Confocal laser scanning microscopy is a high-resolution microscopic imaging technique. When ordinary fluorescence optical microscopes observe thick specimens (such as cells), the fluorescence from the vicinity of the observation point will greatly interfere with the resolution of the structure. The key point of confocal microscopy technology is that only one point (focus) in space is imaged at a time, and then a two-dimensional or three-dimensional image of the specimen is formed by computer-controlled point-by-point scanning. In this process, light signals from out of focus will not interfere with the image, thereby greatly improving the sharpness and detail resolution of microscopic images.
The working principle of a general confocal microscope: a laser beam used to excite fluorescence is reflected by a dichroic mirror through a light source pinhole, and is converged by a microscope objective lens and incident At the focal point of the specimen put on the XY motorized microscope stage to be observed. The fluorescence (fluorescence light) generated by the laser irradiation is collected by the objective lens and sent to the dichroic mirror together with a small amount of reflected laser light. The fluorescence carrying image information has a relatively long wavelength, which directly passes through the dichroic mirror and passes through the detection pinhole to the photodetector (usually a photomultiplier tube (PMT) or an avalanche photodiode (APD) ), Into an electrical signal into the computer. Due to the dichroic mirror's spectroscopic effect, the residual laser light is reflected by the dichroic mirror and will not be detected.
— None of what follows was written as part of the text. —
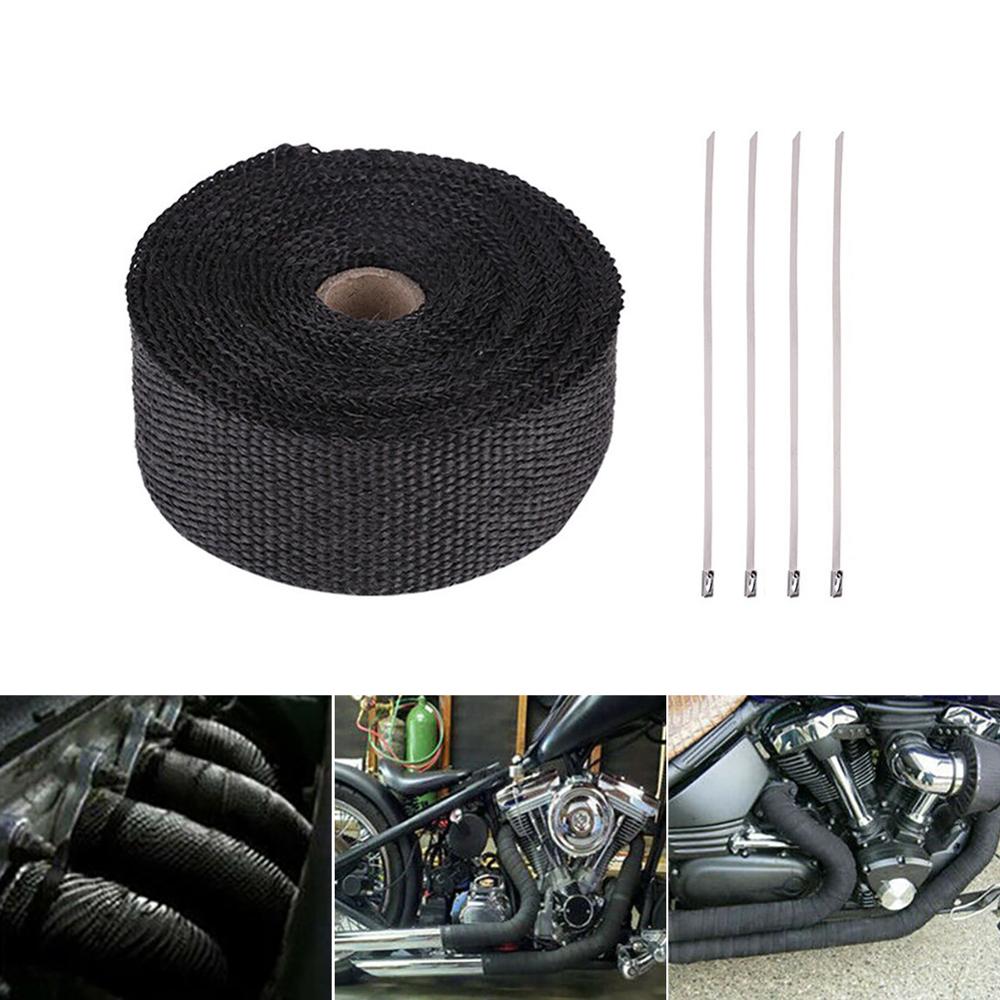 5M Roll Fiberglass Heat Shield Motorcycle Exhaust Header Pipe Heat Wrap Tape Thermal Protection+ 4 Ties Kit Exhaust Pipe Insulat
The role played by the exit aperture: Only light emitted by points on the focal plane can pass through the exit aperture; light emitted by points outside the focal plane is defocused on the exit aperture plane, and most of them cannot pass through Small hole in the center. Therefore, the observation target point on the focal plane appears bright, while the non-observation point appears black as the background, the contrast is increased, and the image is clear. During the imaging process, the position of the exit aperture is always in a one-to-one relationship with the focal point of the microscope objective (conjugate conjugate, so it is called con-focal microscopy. Confocal display Microtechnology was invented by American scientist Marvin Minsky; he patented the technology in 1957. But it wasn't until the late 1980s that laser confocal scanning made significant progress in laser research due to significant advances in laser research Microtechnology (CLSM) has become a mature technology.